Task prompt:
Which lines of the data contain the string "Figure"? Show each of them.

--- Supplied material Enclosed Below ---

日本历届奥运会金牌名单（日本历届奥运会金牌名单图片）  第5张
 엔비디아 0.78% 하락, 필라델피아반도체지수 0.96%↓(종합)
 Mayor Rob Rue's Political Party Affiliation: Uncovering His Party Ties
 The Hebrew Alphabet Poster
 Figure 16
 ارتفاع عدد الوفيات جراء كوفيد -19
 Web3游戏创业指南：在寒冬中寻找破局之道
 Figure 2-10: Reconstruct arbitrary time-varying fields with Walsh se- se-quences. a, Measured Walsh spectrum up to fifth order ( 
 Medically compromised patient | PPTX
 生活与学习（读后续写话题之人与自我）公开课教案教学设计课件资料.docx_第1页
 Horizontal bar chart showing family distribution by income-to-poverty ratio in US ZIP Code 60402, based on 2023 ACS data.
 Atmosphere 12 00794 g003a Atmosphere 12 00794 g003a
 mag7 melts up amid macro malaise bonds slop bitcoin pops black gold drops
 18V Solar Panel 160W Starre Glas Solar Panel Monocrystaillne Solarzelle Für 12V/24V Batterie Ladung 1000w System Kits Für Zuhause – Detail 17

--- End of Enclosed Supplied material ---

Solution to the problem:
 Figure 16
 Figure 2-10: Reconstruct arbitrary time-varying fields with Walsh se- se-quences. a, Measured Walsh spectrum up to fifth order ( 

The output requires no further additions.